Christopher Hitchens addressed this best.
Starting at around 1:42, he says:
If you’re like me, and you go on the air, you find yourself debating some whining, self-righteous, self-hating, self-pitying Muslim, and you tell him what you think of his Koran and his prophet, he says, “You have offended a billion Muslims!” You’ve noticed this? There’s a slight tone of moral blackmail here, I sometimes think.
If it was a matter of defending the right of someone to hold their religious belief, I would defend the right of a Muslim if there were only three of them. The idea of a billion is clearly intended as a threat. There’s a menace to it. You’ve upset a billion of us – you should watch out.”
The troll knew this, saying, “Here in Denmark, ie., we have pretty definate proof that the Muhammed drawings were published WELL KNOWING that it could ignite riots.” Islamists went from being poor, besieged, racially attacked from all sides, to being people who apparently have every right to start riots when someone publishes something they don’t like.
That is a kind of power I have absolutely no interest in defending, much less feigning deference for. It’s nothing but fascistic bullying, and that’s why it’s so important to draw Mohammad – and to be openly atheist, openly gay, openly female. They can’t murder all of us, and a religion that predictably inspires many of its adherents to riot is not a religion that any sane person should be defending.
To really belabor the point, I’ll just quote from the incredible feminist/atheist/Iranian activist Maryam Namazie
* Kuwait’s parliament recently voted in favour of a legal amendment that would make blasphemy a crime punishable by death following the arrest of a man accused of insulting Mohamed on Twitter.
* In Saudi Arabia, Hamza Kashgari, a 23-year-old reporter from Jeddah, faces the death penalty for blasphemy after he Tweeted an imaginary conversation with Mohammad.

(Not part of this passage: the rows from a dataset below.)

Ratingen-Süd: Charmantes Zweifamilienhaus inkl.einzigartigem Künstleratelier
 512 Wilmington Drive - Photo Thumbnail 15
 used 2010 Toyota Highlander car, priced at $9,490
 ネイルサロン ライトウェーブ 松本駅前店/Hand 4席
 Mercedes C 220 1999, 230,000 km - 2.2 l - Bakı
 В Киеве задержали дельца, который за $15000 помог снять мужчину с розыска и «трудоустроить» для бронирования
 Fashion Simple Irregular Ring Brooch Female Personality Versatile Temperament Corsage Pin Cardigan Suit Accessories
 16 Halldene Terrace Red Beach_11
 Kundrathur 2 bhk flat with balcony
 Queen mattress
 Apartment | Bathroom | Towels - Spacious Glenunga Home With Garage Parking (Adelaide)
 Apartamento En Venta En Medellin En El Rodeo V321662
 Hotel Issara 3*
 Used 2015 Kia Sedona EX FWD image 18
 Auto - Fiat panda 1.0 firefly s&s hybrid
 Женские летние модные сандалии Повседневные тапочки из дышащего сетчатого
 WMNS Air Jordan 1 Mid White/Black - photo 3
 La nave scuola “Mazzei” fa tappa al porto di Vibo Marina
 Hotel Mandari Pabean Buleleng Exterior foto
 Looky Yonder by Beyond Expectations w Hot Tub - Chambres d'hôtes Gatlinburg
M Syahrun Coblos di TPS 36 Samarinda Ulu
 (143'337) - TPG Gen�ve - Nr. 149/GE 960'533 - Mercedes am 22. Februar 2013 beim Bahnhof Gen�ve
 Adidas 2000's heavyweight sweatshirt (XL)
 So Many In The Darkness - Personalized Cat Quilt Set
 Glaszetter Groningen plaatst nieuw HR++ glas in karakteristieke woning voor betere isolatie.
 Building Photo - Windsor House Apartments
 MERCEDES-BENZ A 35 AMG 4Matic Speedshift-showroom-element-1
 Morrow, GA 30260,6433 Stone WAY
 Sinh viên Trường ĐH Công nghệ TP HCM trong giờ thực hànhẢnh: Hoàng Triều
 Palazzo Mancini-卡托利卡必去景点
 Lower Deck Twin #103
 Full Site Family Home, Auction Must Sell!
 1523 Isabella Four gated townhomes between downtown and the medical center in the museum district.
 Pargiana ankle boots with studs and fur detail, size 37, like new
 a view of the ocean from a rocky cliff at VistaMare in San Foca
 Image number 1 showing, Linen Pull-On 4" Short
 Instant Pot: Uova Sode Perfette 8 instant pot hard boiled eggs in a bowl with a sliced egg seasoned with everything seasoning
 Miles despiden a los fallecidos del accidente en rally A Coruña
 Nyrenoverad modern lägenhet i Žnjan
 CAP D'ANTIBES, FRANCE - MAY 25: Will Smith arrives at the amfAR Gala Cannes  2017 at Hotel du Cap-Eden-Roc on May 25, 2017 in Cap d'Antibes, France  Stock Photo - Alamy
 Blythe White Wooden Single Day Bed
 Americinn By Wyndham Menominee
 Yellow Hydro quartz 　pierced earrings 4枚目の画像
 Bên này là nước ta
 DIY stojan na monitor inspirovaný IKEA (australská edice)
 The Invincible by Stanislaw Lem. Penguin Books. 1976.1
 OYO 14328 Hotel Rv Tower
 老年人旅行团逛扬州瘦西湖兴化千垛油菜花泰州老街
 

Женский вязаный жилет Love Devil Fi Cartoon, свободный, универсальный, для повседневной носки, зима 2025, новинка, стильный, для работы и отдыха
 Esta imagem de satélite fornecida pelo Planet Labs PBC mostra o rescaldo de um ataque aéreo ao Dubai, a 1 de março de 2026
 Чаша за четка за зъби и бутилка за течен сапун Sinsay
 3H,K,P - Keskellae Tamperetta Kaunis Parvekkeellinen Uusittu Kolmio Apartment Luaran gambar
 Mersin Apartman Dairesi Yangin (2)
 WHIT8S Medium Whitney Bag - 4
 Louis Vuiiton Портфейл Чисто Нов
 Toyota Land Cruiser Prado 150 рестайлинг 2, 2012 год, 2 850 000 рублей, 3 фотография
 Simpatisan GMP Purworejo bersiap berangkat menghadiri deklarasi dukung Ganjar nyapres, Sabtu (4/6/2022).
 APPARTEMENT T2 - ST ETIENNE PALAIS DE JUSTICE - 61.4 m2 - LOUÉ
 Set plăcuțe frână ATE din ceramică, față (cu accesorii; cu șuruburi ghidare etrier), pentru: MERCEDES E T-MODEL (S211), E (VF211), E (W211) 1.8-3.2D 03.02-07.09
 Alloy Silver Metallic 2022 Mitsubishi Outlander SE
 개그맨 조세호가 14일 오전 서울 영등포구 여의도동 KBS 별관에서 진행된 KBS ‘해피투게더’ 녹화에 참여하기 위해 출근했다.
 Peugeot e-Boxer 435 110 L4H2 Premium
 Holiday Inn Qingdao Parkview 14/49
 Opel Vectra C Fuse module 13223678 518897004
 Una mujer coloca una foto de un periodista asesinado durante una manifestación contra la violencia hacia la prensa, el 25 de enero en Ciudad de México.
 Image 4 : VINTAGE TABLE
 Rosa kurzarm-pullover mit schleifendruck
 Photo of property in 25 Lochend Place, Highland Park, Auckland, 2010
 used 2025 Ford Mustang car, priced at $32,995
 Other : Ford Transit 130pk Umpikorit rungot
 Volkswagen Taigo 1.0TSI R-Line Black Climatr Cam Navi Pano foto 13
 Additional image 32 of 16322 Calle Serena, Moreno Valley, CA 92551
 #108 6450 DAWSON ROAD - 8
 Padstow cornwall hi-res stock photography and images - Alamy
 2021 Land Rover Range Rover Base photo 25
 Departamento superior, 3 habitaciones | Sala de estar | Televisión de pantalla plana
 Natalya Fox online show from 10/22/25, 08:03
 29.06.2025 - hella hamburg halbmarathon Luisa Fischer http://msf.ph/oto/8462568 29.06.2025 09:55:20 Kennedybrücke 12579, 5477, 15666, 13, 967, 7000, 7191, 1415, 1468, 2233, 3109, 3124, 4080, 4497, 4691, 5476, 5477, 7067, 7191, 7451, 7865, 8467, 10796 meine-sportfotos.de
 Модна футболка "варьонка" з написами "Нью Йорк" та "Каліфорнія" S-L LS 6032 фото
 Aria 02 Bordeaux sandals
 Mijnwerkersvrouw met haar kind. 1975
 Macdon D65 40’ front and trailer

* In April, two young Tunisians, Jabeur Mejri and Ghazi Beji, (one in absentia) were sentenced to seven years in prison for posting cartoons of Mohammad.
* Alex Aan, a 30 year old atheist, faces up to 5 years in prison charged with blasphemy for saying there is no god on Facebook.
* Asia Bibi faces execution in Pakistan for blasphemy.
* In Egypt, a court upheld the conviction of comedian, Adel Imam, of ‘offending Islam’. Author Alaa al-Aswany says: the court ruling sets Egypt back to the “darkness of the Middle Ages” and that this is “an unimaginable crime of principle”.
* In Britain, 17 year old Rhys Morgan was forced to remove a Jesus and Mo cartoon or face expulsion from his Sixth Form College and there were demands by various student unions at London universities that Atheist societies remove Jesus and Mo cartoons from their Facebook page.:
Despite their track record, it is therefore absurd how the fundamental debate on Islam and free expression here in Europe, North America and Australia is framed within a context of offence, racism and Islamophobia. Let me explain. If you are criticising Islam, the veil, sharia law, or Islamism in Iran, Egypt or Afghanistan the debate is not framed around racism and Islamophobia.